▶ [RECORD EXTRACTS]:

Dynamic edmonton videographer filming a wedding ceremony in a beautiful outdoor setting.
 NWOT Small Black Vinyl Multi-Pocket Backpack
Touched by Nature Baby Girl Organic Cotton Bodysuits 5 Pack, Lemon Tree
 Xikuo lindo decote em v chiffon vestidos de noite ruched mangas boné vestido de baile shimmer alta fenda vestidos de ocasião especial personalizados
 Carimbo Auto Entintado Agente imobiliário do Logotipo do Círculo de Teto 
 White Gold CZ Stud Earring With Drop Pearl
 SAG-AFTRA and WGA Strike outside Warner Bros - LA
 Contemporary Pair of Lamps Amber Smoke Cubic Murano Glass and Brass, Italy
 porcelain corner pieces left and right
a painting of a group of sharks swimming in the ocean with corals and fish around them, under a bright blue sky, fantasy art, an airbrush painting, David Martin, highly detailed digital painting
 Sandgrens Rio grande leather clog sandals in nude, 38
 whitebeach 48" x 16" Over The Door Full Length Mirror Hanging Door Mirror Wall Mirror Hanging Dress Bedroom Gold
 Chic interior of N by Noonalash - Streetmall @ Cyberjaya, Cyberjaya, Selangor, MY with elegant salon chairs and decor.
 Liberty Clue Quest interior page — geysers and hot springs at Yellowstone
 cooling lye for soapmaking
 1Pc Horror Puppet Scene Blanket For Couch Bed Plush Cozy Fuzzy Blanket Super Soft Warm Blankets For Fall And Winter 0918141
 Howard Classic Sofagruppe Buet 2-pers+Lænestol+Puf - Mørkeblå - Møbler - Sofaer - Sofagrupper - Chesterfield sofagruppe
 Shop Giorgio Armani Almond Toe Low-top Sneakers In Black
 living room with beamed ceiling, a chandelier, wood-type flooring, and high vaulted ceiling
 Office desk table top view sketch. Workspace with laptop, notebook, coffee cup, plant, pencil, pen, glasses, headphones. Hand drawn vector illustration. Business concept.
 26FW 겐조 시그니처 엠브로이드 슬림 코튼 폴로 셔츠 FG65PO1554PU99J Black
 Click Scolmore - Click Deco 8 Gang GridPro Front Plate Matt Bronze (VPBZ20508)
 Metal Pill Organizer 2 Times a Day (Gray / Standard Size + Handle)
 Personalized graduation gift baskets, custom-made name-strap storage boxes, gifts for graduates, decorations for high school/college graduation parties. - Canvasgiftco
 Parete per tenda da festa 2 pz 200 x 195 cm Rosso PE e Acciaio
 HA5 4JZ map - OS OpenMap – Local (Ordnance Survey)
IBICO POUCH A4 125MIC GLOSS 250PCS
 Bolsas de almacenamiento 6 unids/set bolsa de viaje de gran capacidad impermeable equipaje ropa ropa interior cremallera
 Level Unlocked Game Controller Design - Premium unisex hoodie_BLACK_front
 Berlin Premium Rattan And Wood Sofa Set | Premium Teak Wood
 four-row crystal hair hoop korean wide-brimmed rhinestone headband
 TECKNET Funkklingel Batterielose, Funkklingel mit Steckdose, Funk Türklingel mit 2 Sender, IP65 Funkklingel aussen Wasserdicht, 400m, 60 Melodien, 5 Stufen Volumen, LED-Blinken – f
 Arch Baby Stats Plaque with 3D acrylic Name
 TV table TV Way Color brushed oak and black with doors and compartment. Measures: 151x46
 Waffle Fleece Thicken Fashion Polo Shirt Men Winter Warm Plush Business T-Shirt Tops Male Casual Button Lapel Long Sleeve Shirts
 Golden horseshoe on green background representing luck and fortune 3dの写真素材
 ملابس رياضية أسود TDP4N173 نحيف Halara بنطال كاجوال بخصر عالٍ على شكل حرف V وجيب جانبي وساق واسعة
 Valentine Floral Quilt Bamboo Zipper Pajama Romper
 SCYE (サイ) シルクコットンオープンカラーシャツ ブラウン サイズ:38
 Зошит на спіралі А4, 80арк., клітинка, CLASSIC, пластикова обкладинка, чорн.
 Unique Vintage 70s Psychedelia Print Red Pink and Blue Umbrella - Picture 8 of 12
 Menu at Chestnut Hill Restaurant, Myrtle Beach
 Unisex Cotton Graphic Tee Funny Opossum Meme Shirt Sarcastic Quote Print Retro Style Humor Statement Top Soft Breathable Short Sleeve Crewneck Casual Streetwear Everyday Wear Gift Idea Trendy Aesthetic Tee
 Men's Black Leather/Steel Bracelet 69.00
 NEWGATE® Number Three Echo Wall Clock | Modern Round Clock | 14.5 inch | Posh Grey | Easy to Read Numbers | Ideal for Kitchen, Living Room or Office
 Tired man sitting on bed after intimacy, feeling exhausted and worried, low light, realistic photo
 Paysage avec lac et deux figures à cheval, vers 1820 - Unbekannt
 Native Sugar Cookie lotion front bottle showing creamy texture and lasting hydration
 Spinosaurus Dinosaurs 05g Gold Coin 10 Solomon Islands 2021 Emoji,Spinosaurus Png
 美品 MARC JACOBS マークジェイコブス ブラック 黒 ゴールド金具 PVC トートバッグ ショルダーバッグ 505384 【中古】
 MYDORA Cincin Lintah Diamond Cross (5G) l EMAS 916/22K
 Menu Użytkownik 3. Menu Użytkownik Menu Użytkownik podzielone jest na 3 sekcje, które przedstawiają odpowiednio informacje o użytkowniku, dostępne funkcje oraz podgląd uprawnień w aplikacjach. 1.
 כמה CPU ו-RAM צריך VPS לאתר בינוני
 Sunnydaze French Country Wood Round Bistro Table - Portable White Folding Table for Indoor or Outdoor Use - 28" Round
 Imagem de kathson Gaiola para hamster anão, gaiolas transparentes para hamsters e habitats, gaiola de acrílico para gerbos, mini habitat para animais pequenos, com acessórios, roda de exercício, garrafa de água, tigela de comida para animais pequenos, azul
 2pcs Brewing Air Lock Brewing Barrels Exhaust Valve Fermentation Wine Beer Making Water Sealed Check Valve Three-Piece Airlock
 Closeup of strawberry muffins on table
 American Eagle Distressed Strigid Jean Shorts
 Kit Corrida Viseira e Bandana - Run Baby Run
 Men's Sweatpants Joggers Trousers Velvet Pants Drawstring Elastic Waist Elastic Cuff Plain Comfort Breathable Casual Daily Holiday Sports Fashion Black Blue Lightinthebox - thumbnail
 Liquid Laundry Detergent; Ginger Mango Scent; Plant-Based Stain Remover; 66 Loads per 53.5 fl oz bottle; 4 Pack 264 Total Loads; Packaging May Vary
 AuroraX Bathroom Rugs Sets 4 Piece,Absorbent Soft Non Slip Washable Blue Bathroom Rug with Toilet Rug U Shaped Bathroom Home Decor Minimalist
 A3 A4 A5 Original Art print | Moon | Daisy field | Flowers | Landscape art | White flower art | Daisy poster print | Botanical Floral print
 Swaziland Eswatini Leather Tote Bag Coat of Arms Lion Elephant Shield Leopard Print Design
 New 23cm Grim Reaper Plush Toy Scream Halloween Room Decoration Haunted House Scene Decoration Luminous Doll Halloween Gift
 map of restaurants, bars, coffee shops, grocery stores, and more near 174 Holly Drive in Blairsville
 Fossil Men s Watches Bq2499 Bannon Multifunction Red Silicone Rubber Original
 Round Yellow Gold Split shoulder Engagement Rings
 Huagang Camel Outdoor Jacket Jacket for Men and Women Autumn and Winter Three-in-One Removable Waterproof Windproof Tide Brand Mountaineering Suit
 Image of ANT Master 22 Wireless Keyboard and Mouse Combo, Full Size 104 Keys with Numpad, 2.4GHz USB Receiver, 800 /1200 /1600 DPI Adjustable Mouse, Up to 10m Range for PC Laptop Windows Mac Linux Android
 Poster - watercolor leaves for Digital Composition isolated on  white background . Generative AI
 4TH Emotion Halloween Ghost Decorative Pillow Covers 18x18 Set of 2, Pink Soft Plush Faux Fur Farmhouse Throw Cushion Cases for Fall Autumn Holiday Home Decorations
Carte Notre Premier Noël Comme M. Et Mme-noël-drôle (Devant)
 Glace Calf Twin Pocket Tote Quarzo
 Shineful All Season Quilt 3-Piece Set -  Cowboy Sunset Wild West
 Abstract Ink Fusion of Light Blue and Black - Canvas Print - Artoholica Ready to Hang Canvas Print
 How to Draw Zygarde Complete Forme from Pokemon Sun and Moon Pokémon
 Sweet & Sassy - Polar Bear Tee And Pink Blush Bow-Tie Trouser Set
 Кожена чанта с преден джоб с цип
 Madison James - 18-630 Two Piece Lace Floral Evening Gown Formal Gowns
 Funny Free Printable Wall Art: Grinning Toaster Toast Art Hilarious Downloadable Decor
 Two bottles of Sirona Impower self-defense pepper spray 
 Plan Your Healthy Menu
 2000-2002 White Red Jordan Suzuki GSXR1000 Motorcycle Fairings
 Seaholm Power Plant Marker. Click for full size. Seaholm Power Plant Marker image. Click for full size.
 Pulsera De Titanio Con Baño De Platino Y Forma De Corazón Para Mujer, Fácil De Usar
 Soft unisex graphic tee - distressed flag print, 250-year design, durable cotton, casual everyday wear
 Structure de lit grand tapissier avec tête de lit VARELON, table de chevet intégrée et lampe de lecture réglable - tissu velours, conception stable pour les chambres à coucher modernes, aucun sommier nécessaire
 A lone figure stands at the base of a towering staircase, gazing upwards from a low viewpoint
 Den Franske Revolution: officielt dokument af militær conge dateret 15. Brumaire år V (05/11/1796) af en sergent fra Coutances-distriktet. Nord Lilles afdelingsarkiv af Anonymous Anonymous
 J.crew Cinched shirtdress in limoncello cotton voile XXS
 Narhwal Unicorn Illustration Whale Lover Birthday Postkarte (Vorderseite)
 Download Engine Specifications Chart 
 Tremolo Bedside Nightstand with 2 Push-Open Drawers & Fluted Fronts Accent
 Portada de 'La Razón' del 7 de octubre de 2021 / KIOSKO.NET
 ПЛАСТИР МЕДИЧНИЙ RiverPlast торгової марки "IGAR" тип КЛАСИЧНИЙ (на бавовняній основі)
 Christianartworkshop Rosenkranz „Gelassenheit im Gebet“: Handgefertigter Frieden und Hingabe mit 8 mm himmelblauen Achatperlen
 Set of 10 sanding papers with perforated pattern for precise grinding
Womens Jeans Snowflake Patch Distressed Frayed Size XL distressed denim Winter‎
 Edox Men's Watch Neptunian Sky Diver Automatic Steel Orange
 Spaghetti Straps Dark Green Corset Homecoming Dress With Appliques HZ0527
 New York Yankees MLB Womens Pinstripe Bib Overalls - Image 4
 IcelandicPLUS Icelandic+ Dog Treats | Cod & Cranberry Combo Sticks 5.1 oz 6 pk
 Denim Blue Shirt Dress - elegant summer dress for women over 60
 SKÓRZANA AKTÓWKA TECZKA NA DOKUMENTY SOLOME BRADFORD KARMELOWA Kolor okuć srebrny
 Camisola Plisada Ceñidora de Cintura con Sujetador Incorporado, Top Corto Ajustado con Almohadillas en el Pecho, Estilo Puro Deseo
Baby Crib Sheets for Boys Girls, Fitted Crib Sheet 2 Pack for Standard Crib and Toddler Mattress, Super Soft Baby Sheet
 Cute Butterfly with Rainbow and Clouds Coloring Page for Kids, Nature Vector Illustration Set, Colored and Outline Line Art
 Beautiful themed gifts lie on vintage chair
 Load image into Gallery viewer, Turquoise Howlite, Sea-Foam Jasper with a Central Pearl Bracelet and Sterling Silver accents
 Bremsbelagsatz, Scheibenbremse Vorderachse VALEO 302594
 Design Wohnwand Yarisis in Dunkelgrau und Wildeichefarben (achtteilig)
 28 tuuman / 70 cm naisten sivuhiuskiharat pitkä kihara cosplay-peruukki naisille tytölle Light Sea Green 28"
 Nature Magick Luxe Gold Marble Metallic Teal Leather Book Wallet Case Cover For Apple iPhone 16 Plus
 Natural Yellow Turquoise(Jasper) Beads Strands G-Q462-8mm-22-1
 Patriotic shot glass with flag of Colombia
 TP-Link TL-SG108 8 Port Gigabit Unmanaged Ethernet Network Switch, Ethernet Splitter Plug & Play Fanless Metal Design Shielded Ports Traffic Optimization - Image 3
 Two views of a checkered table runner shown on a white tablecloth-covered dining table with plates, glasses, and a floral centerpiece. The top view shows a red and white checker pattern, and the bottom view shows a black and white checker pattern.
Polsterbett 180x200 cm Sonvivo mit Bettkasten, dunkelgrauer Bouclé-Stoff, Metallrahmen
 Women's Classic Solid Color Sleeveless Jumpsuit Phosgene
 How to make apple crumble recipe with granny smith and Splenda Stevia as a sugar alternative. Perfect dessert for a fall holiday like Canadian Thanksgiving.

▶ [ACTIVITY]: In the listing above, locate the line containing "NWOT Small Black Vinyl Multi-Pocket Backpack" and the line containing "porcelain corner pieces left and right". Transcribe those two lines and everything between them, exactly as written.

▶ [WRITTEN ANSWER]:
 NWOT Small Black Vinyl Multi-Pocket Backpack
Touched by Nature Baby Girl Organic Cotton Bodysuits 5 Pack, Lemon Tree
 Xikuo lindo decote em v chiffon vestidos de noite ruched mangas boné vestido de baile shimmer alta fenda vestidos de ocasião especial personalizados
 Carimbo Auto Entintado Agente imobiliário do Logotipo do Círculo de Teto 
 White Gold CZ Stud Earring With Drop Pearl
 SAG-AFTRA and WGA Strike outside Warner Bros - LA
 Contemporary Pair of Lamps Amber Smoke Cubic Murano Glass and Brass, Italy
 porcelain corner pieces left and right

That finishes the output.